Fred Frith

Fred Frith ( born February 17, 1949 in Heathfield, East Sussex ) is a British composer, improviser, multi-instrumentalist (guitar, violin, bass guitar, Third Bridge guitar, piano, xylophone, vocals) and high school teachers.

Life and work

Frith began as part of a very musical family at the age of 5 years playing the violin; later to play the piano and the guitar at age 13 were added. As a teenager, he coverte beat music, but also blues rock. During his studies at Cambridge, the genre boundaries were too narrow for him: He enriched rock with classical, Eastern European and Asian music and was attracted by the play facilities on the guitar through various alienations from. With his fellow student, saxophonist Tim Hodgkinson, he founded in 1968, the art-rock band Henry Cow. After the dissolution of the band in 1979, he joined the Art Bears, but also played with such diverse avant-garde figures such as John Zorn, Bill Laswell, Brian Eno, Aki Takase, Ikue Mori, Louis Sclavis, Bob Ostertag, the free jazz musicians Peter Kowald, Sonny Sharrock and Peter Brötzmann or the folk-rock guitarist Richard Thompson.
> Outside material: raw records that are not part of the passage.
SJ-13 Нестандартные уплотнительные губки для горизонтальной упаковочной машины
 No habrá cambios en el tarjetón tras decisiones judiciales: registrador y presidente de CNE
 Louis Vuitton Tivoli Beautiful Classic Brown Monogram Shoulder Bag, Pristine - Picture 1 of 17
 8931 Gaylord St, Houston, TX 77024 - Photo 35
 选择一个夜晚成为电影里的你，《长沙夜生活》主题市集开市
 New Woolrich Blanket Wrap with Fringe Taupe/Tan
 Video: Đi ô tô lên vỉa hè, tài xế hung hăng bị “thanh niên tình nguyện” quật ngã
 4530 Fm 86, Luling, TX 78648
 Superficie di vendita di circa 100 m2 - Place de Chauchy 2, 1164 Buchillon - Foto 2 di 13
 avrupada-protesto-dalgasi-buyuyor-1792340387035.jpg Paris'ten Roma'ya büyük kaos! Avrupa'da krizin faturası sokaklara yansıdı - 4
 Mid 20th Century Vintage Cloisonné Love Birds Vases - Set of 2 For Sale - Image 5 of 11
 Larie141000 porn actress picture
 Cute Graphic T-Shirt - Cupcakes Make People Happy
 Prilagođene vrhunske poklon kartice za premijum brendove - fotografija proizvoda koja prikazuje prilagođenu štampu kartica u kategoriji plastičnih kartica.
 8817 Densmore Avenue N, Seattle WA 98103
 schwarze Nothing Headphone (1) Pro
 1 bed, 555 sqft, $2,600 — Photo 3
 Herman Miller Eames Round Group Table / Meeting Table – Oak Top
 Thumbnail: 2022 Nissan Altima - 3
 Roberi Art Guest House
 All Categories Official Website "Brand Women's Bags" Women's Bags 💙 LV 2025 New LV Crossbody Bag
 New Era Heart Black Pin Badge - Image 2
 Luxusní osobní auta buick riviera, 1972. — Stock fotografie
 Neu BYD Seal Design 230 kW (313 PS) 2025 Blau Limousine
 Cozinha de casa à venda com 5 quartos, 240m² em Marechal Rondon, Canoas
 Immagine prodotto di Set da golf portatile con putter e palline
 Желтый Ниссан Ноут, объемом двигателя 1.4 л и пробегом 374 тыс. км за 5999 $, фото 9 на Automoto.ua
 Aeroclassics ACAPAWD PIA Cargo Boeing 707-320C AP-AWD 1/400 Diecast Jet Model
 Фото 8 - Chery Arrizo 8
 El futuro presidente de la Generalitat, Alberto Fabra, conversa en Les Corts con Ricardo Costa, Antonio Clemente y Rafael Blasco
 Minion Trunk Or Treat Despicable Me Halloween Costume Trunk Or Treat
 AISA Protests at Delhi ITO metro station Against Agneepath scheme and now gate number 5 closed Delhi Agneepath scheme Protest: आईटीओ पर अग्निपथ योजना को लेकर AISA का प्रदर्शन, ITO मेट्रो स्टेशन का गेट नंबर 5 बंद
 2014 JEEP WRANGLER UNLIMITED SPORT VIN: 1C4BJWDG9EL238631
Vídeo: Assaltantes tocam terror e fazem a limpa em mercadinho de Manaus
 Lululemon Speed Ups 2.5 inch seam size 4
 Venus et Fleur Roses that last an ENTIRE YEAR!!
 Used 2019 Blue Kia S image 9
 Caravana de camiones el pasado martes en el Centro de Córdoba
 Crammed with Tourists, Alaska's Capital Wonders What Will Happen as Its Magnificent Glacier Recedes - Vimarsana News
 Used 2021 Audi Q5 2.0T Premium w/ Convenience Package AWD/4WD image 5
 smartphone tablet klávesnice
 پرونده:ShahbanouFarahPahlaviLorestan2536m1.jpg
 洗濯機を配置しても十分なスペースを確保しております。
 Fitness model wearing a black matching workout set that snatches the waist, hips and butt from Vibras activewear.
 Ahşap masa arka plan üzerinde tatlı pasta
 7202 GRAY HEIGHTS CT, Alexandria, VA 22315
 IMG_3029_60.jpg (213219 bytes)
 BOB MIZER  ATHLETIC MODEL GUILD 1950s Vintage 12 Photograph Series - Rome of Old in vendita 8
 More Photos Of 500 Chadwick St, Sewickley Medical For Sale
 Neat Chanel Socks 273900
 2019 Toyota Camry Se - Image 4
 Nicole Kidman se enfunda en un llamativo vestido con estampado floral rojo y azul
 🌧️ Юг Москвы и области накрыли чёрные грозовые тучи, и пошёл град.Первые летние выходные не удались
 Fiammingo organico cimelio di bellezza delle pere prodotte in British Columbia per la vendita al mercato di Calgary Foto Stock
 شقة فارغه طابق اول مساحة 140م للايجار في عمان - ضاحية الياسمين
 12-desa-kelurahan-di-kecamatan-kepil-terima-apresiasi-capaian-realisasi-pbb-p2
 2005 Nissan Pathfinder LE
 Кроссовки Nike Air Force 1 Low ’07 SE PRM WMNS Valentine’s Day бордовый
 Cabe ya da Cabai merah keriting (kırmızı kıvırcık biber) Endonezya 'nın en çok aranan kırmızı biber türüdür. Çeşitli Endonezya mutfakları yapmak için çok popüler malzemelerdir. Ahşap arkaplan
Frith founded as various formations like Massacre ( with Bill Laswell and Charles Hayward ) or Skeleton Crew ( with Tom Cora, Zeena Parkins and ). In addition, he collaborated with Robert Wyatt, Sally Potter, Half Japanese, Lindsay Cooper, The Residents, Amy Denio, Attwenger, Jean -Pierre Drouet, Evelyn Glennie, Heiner Goebbels and Yo- Yo Ma. He also produced albums for The Orthotonics, David Moss, Tenko and V -effect.

In addition to compositions for ballet, film and theater, he wrote for the Rova Saxophone Quartet, the ARTE Quartett, Ensemble Modern ( "Traffic Continues" ), the Arditti Quartet and the Dutch Asko Ensemble. He has worked as a university professor at Mills College in California, where he lives with photographer Heike Liss and their two children Finn and Lucia. The Swiss documentary filmmaker Nicolas Humbert and Werner Penzel dedicated to him the award-winning film " Step Across the Border" (1990).

Lexical entries

  • Wolf Kampmann: Reclam Jazz Encyclopedia. Stuttgart 2003, ISBN 3-15-010528-5.